Cognitive behavioral therapy can help
“While we can attempt to reality-test our fears and participate in resilience-enhancing activities like mindfulness-based stress reduction, it can be very difficult—especially when we are consumed with anxiety—to do this on our own,” Dr. Zaubler said.
“We’re not especially good at probabilistic thinking,” he said, noting “we have all sorts of cognitive biases and heuristics that take us down the wrong path.”
To address catastrophic thinking, “cognitive behavioral psychotherapy focuses on automatic and reflexive thoughts and ways to challenge them, including reality testing,” Dr. Zaubler said. “There is a strong evidence base supporting the effectiveness of psychotherapy for anxiety and catastrophic thinking.
“It is also important to assess whether someone with catastrophic thinking has an underlying anxiety disorder and would benefit from medication which can be immensely helpful,” he said.
“We live in a world where self-care and prioritizing one’s own health and needs often can get lost. So, pause and take a moment for yourself,” Dr. Zaubler said. “If you’re a parent who is taking care of kids, it’s important to put the proverbial oxygen mask on oneself because you’re not going to be able to help others if you’re not taking care of yourself.”
“Getting adequate sleep, exercise and time to be meditative are restorative,” he said. “We also know the importance for our psychological health of engaging regularly in pleasurable activities such as social interactions with loved ones and friends, listening to music, reading a book, or taking a walk outside.”

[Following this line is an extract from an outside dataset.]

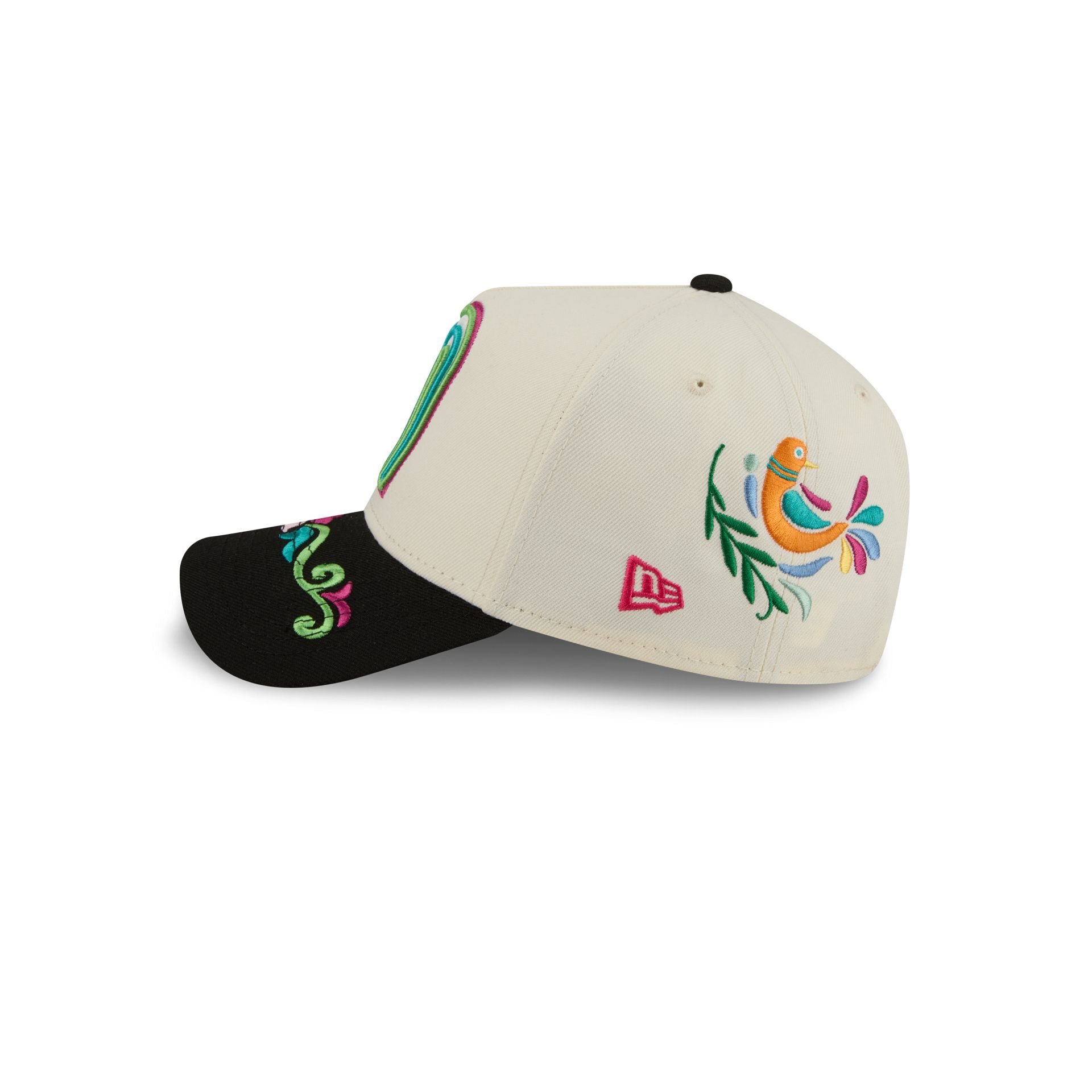 Mexico Latin Embroidery Chrome 9FORTY A-Frame Snapback Hat – New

Help others with these thoughts
“There’s this misconception that if someone is struggling with a problem with their thinking or behavior that it feels awkward, it feels uncomfortable, so how do you bring it up? Is it OK to bring it up? Is it going to make matters worse?” Dr. Zaubler said. “While we should avoid judging someone with catastrophic thinking or labeling them as irrational, it is important to convey concern and ask if they are feeling anxious.
“Empathically supporting someone to talk about their anxiety and—when appropriate—seek help can be unburdening and immensely helpful,” he added. “Sometimes just making a gentle observation—I noticed that you seemed concerned about something and wondered if you would like to talk—can open the door and help that person feel less isolated with their anxiety.”